A magnitude 7.6 earthquake shook the Caribbean Sea early Tuesday night. The earthquake occurred west of Jamaica at a depth of 6.2 miles (10 km).
The earthquake triggered tsunami warnings for areas within 621 miles (1,000 km) of the quake's epicenter.
However, all tsunami advisories were canceled throughout the Caribbean and Central America later on Tuesday night.
No damage has been reported from this event, despite the high magnitude and several strong aftershocks.
“We have reports that it was felt in the majority of the country, but we don’t have reports of damage,” said Lizandro Rosales, director of Honduras’ contingencies commission.
Hazardous tsunami waves up to 3.3 feet (1 meter) above tide level were possible for some coasts of Honduras and Belize, according to the National Tsunami Warning Center (NTWC).

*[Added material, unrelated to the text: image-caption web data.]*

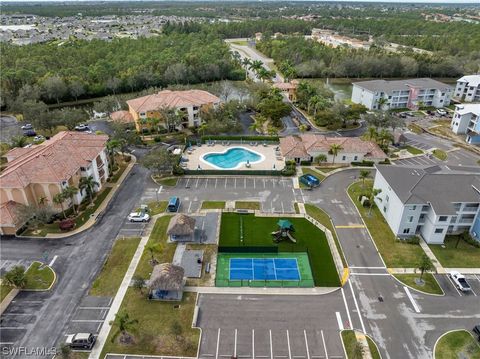 A home in CAPE CORAL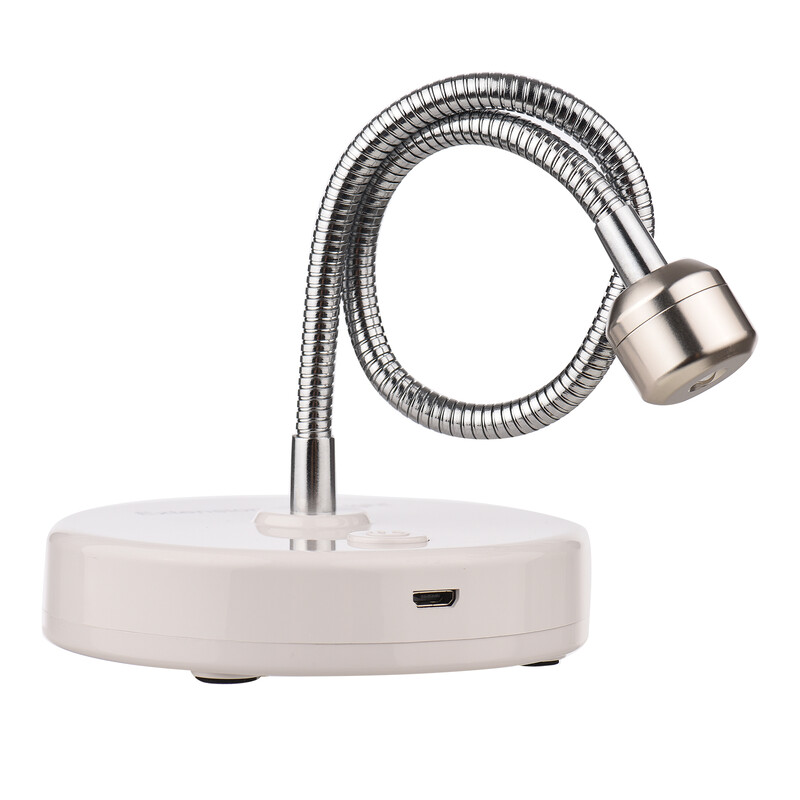 Mini UV LED nagų lempa gelio lako nagų džiovintuvas Kietėjanti lempa nagams UV šviesos LED terapijos šviesos nagų dailės įrankiai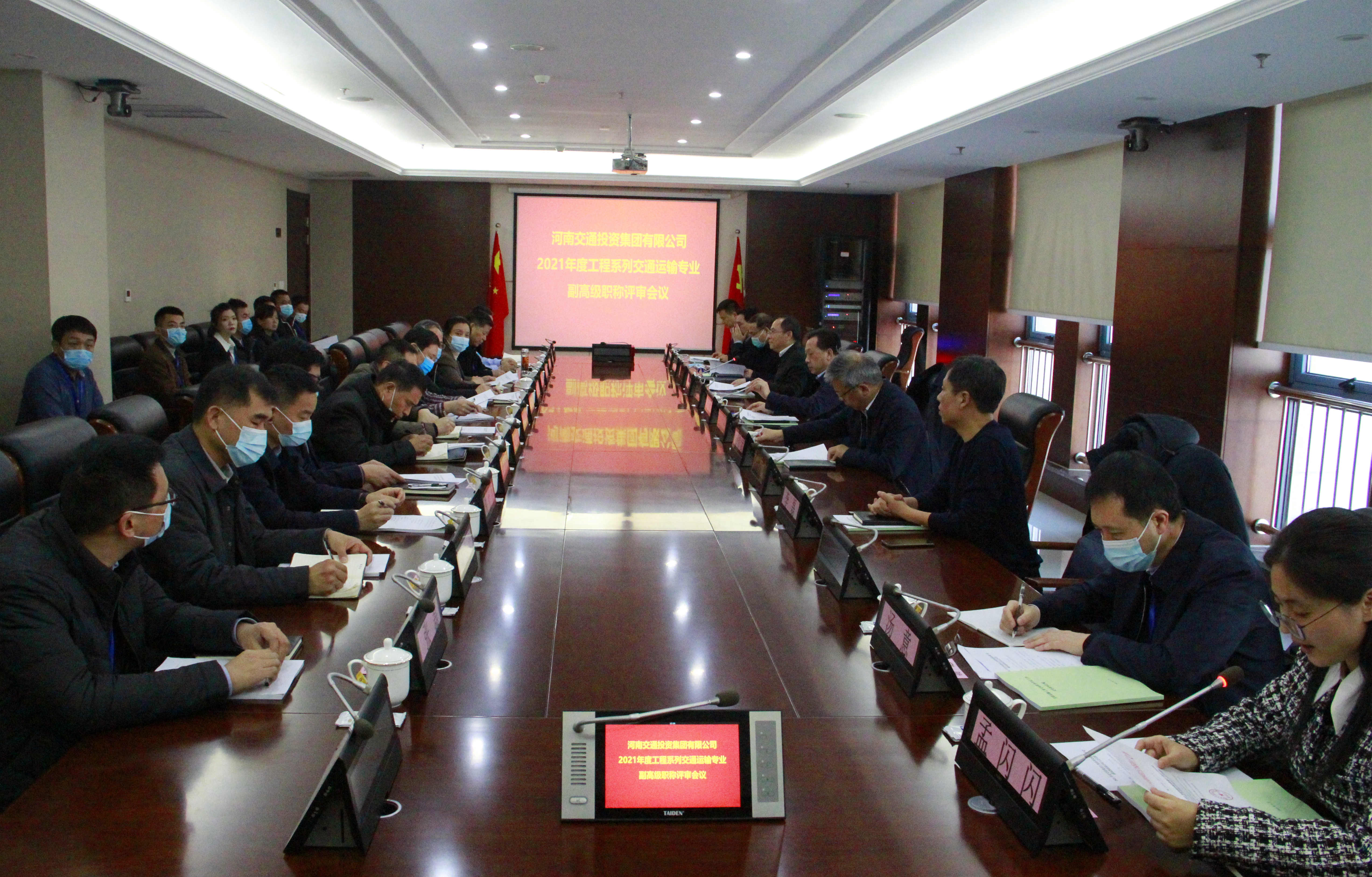 mmexport1637664206126_副本.jpg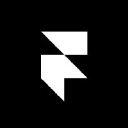 Genie – Figma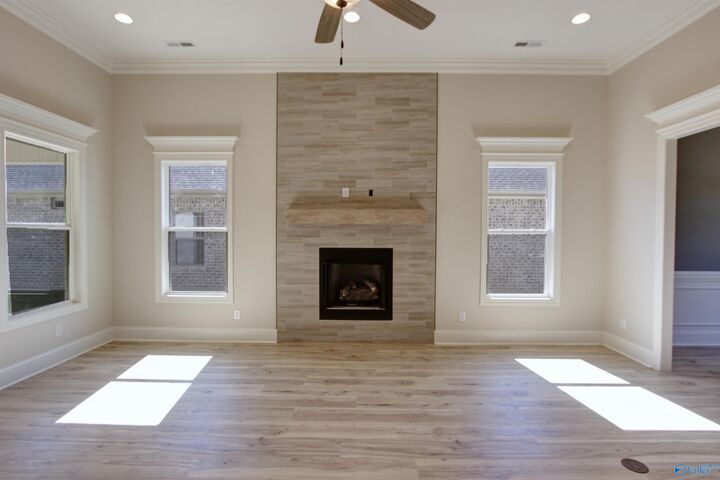 Property Photo:  12378 Narayan Street  AL 35756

Smaller changes in sea levels were possible for other areas in the Caribbean, including Mexico, Cuba, Jamaica, Belize, Honduras and Cayman Islands.
Quickly receding water was observed along the shores of Belize shortly after the earthquake. Some reports indicate the water has receded up to 10 feet.
However, the National Weather Service Pacific Tsunami Warning Center indicated that "there is no longer a tsunami threat from this earthquake" by 10:48 p.m. CDT Tuesday.
Tuesday night's earthquake was stronger than the magnitude 7.0 earthquake that devastated Haiti on Jan. 12, 2010.
Two aftershocks have occurred since the original earthquake, at magnitudes 4.3 and 4.5. Both were recorded within 50 kilometers of the original epicenter.